◆ Records for this task:
*** Begin section ***
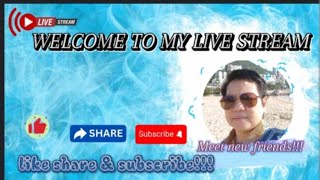 Phing Garci Vlogs is live Good Morning Ls Thx [upl. by Koh441]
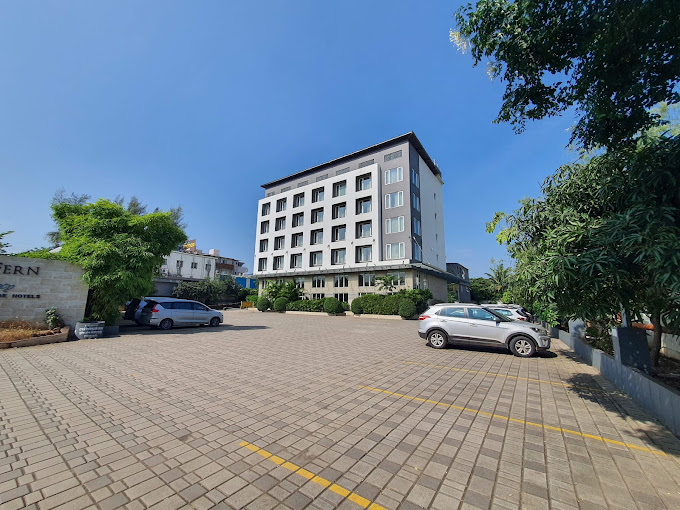 The Fern Residency Satara Maharashtra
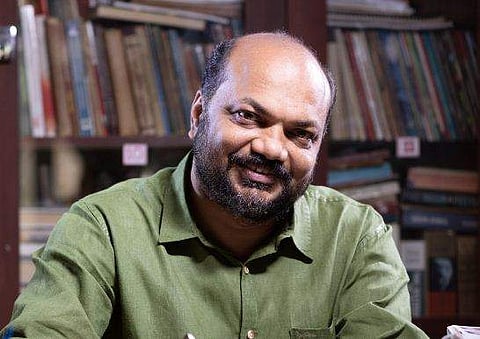 മന്ത്രി പി രാജീവ് /ഫയല്‍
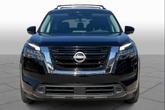 Thumbnail of 2024 Super Black Nissan Pathfinder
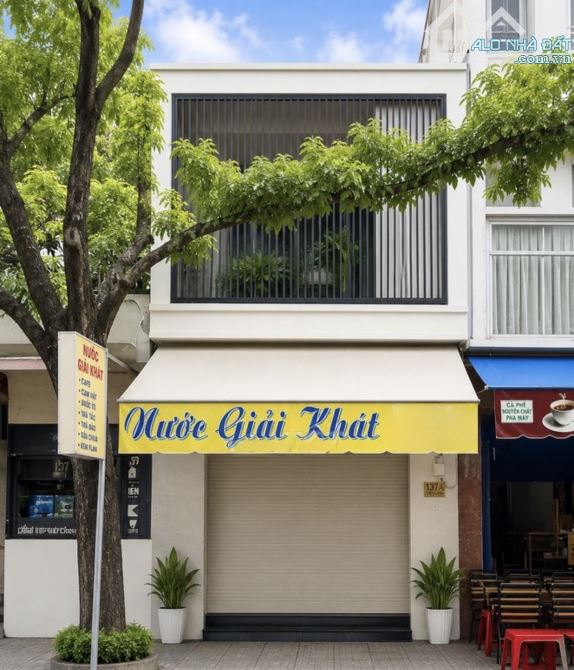 Bán Nhà Hẻm Oto Trương Định, Quận 1. Giá 5Tỷ770/4,5x16,2. Đang Cho Thuê MT Bán Nước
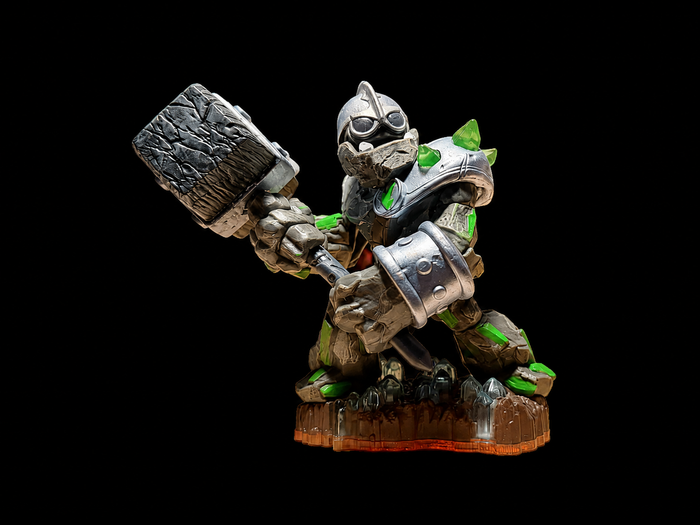 Crusher
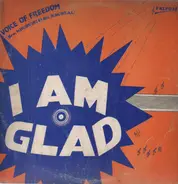 Voice Of Freedom - I Am Glad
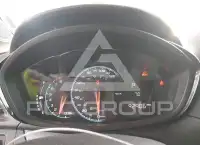 2018 Chevrolet Spark фото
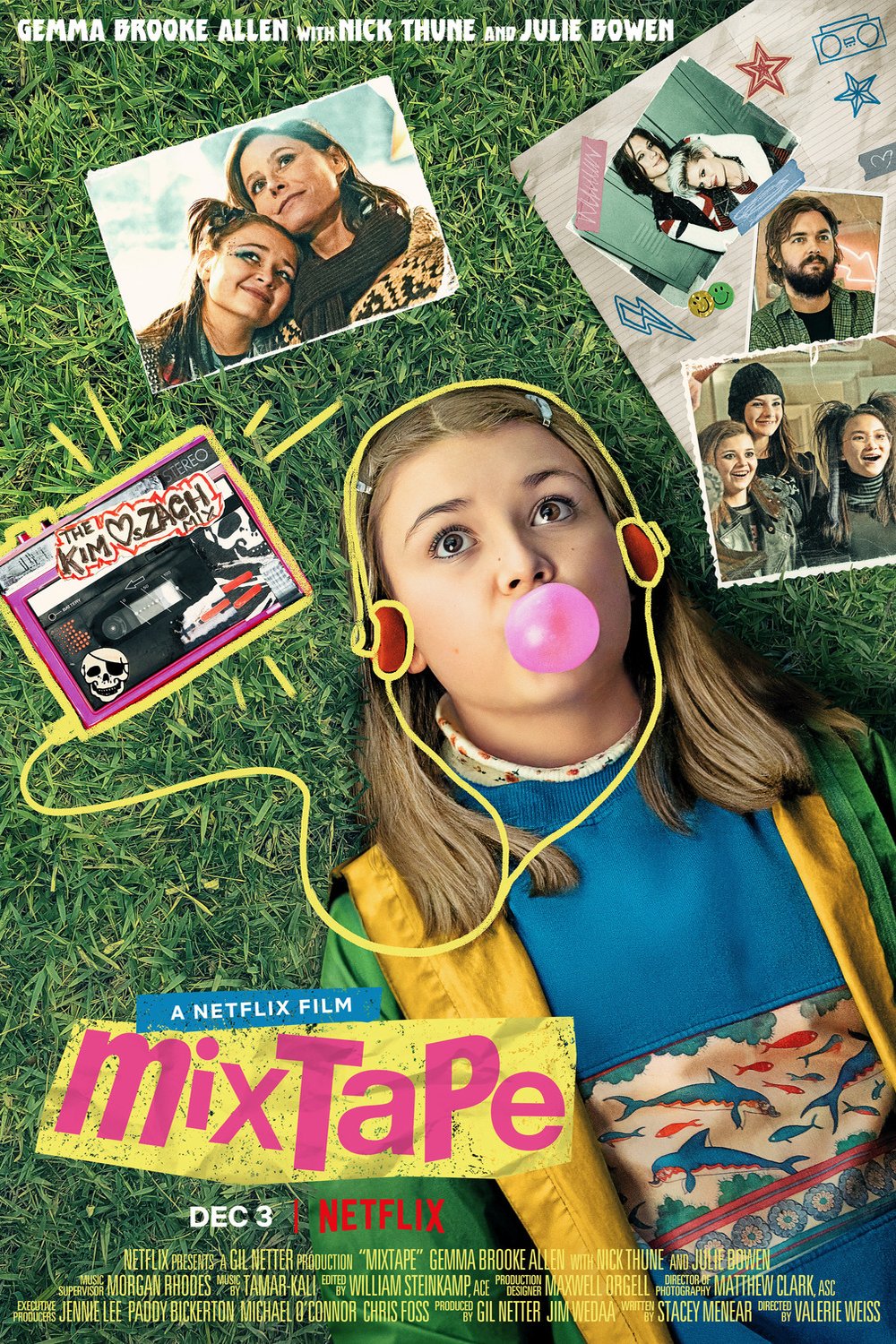 Poster of the movie Mixtape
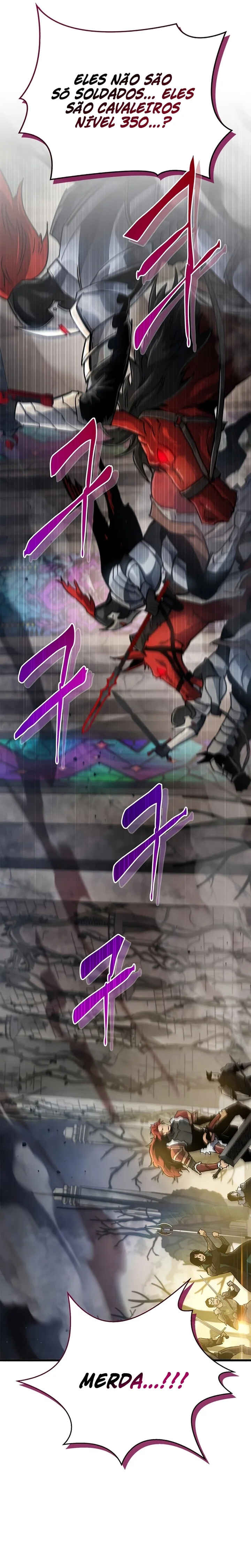 Player ga Gwageoreul Sung-gim Chapter 10 - Page 53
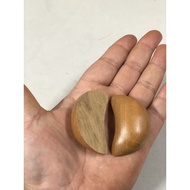 {Hua Cheng} Epidemic Prevention Portable Little Sage Holy Grail About 7cm Taiwan Shaonan Original Wo
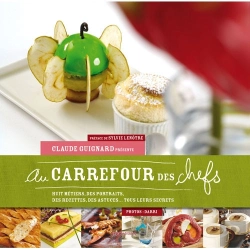 Bertrand.pt - Au Carrefour Des Chefs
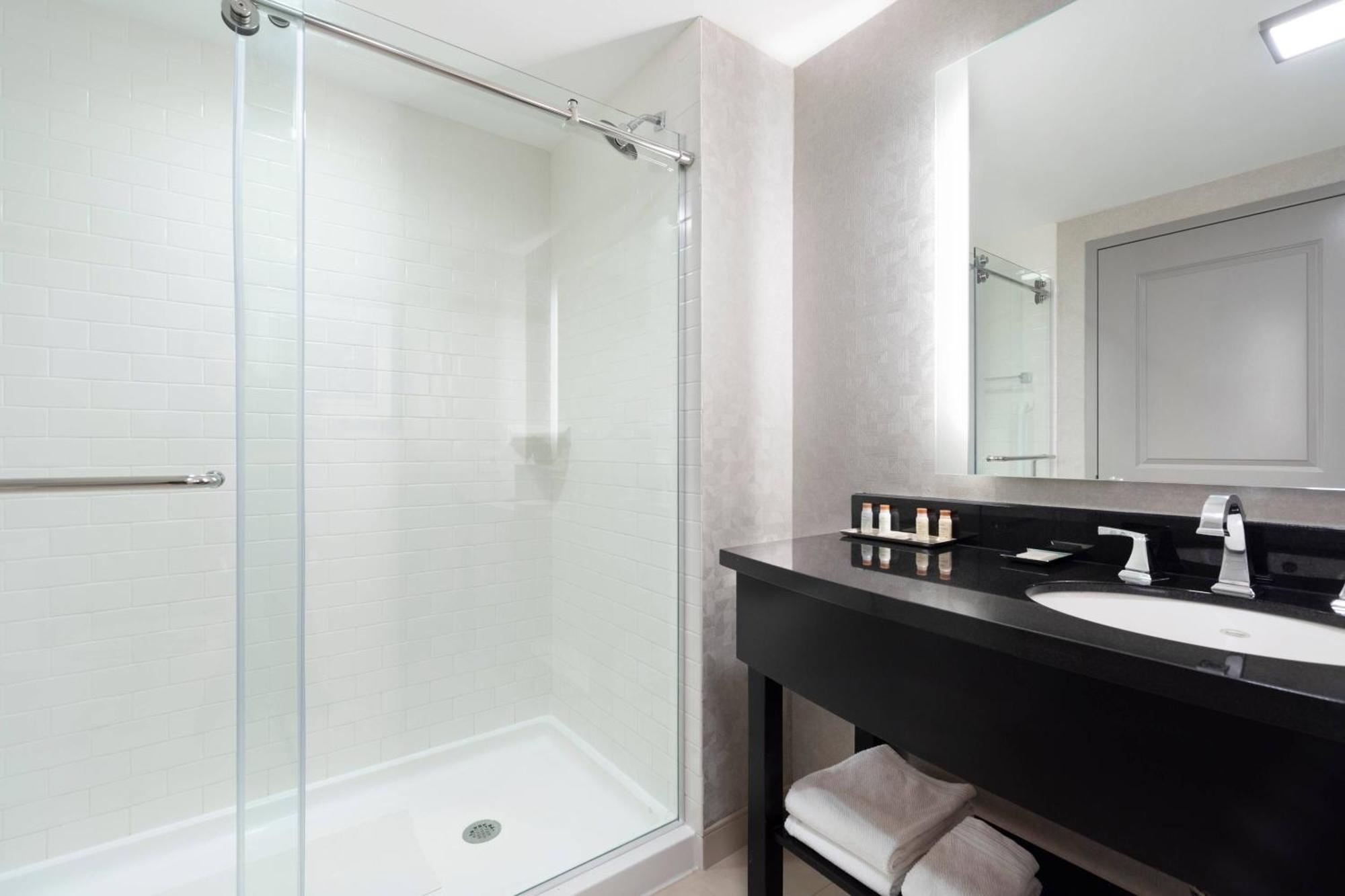 Renaissance Boston Patriot Place Hotel Foxborough Luaran gambar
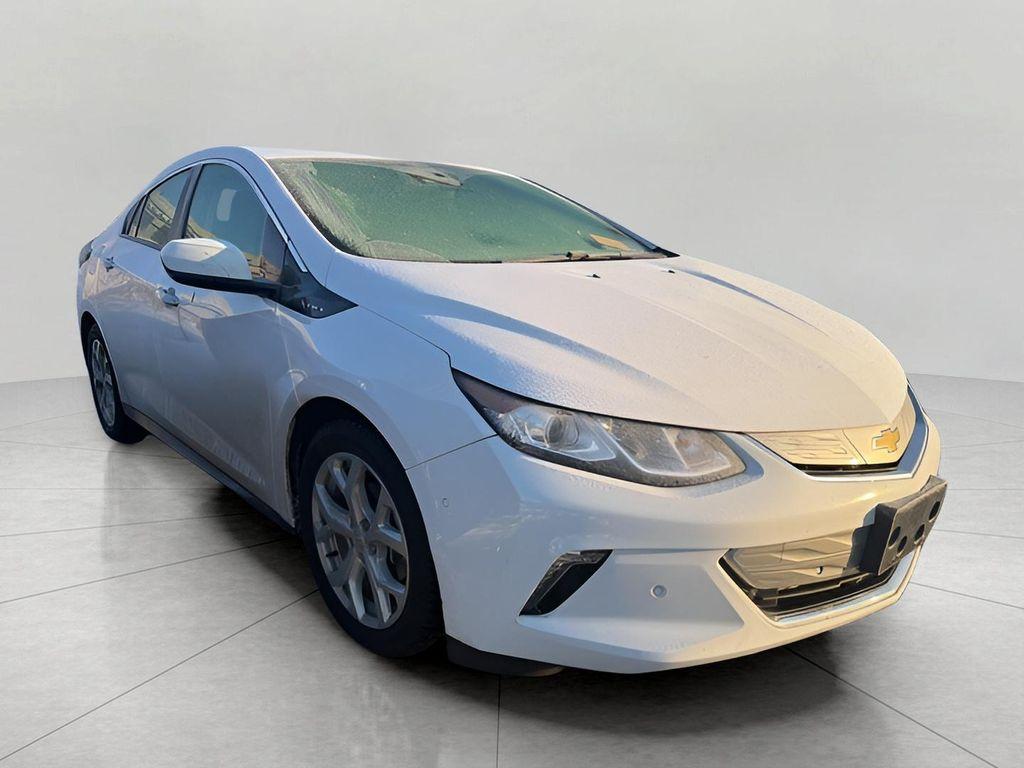 used 2019 Chevrolet Volt car, priced at $18,826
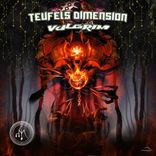Artwork voor "Teufels Dimension"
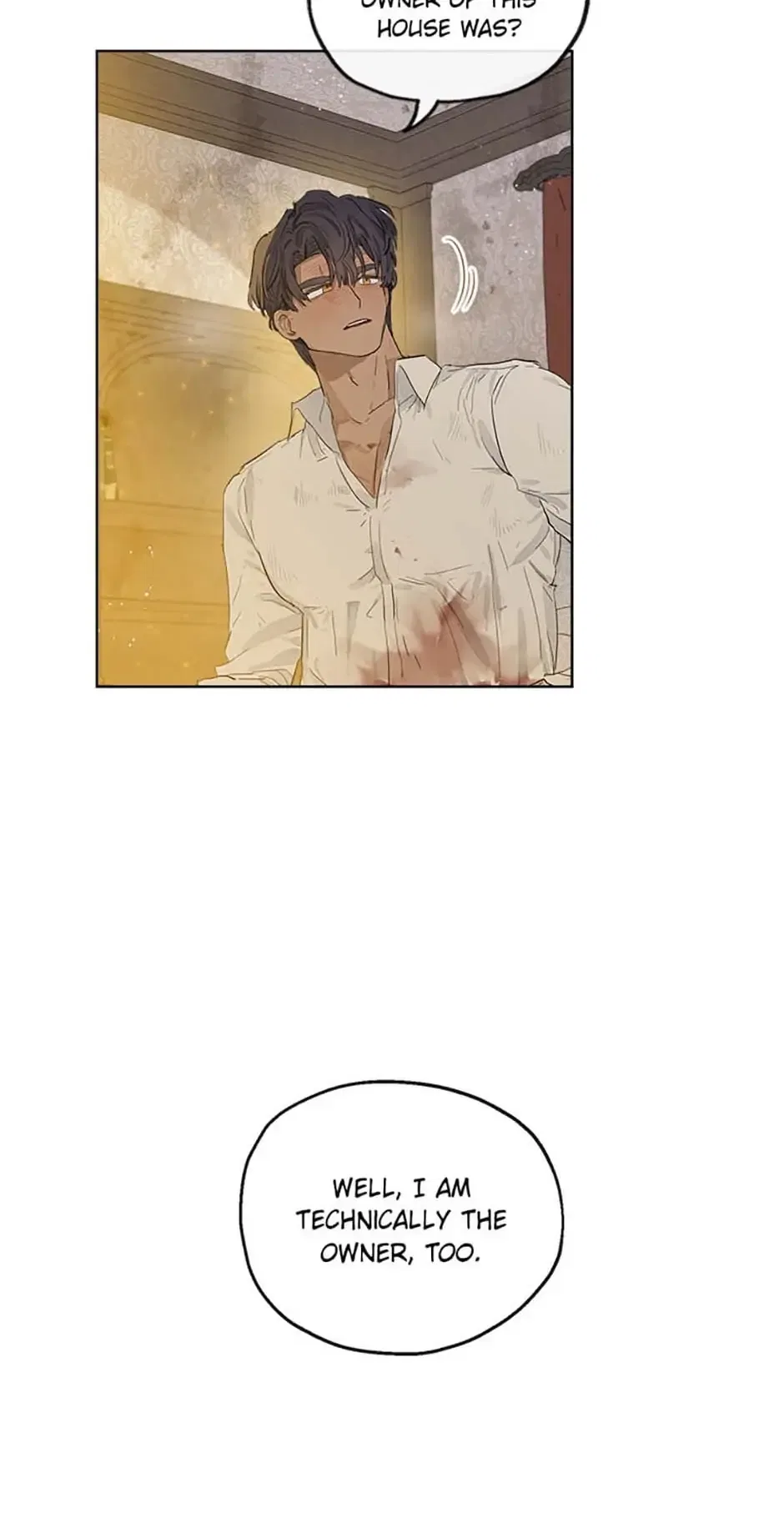 My Unexpected Marriage Chapter 5 – Page 26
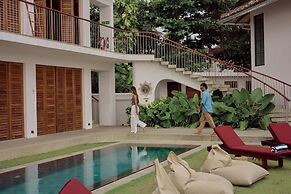 UNU Boutique Hotel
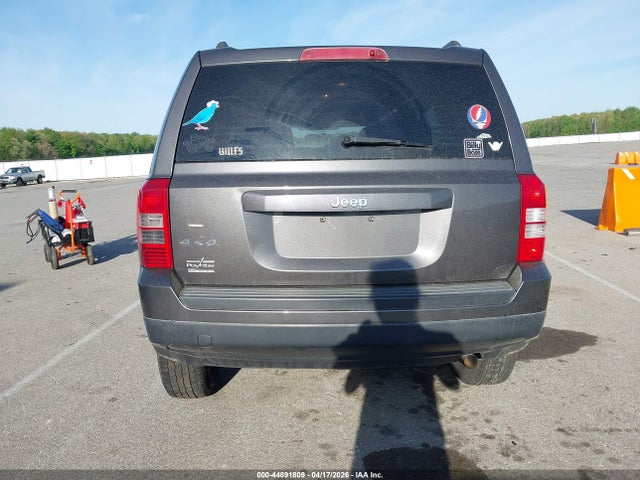 Aukcja sprzedaży 2015 Jeep Patriot Sport, vin: 1C4NJRBB5FD134767, numer aukcji: 44891809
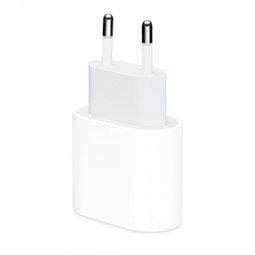 Адаптер питания Apple USB-C 20W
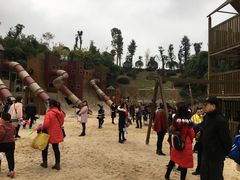 -枫香湖儿童公园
*** End section ***
◆ Goal of the exercise:
Whenever a picture appears in the listing, leave it out; copy everything else exactly.

◆ Result of this task:
 Phing Garci Vlogs is live Good Morning Ls Thx [upl. by Koh441]
 The Fern Residency Satara Maharashtra
 മന്ത്രി പി രാജീവ് /ഫയല്‍
 Thumbnail of 2024 Super Black Nissan Pathfinder
 Bán Nhà Hẻm Oto Trương Định, Quận 1. Giá 5Tỷ770/4,5x16,2. Đang Cho Thuê MT Bán Nước
 Crusher
 Voice Of Freedom - I Am Glad
 2018 Chevrolet Spark фото
 Poster of the movie Mixtape
 Player ga Gwageoreul Sung-gim Chapter 10 - Page 53
 {Hua Cheng} Epidemic Prevention Portable Little Sage Holy Grail About 7cm Taiwan Shaonan Original Wo
 Bertrand.pt - Au Carrefour Des Chefs
 Renaissance Boston Patriot Place Hotel Foxborough Luaran gambar
 used 2019 Chevrolet Volt car, priced at $18,826
Artwork voor "Teufels Dimension"
 My Unexpected Marriage Chapter 5 – Page 26
 UNU Boutique Hotel
 Aukcja sprzedaży 2015 Jeep Patriot Sport, vin: 1C4NJRBB5FD134767, numer aukcji: 44891809
 Адаптер питания Apple USB-C 20W
 -枫香湖儿童公园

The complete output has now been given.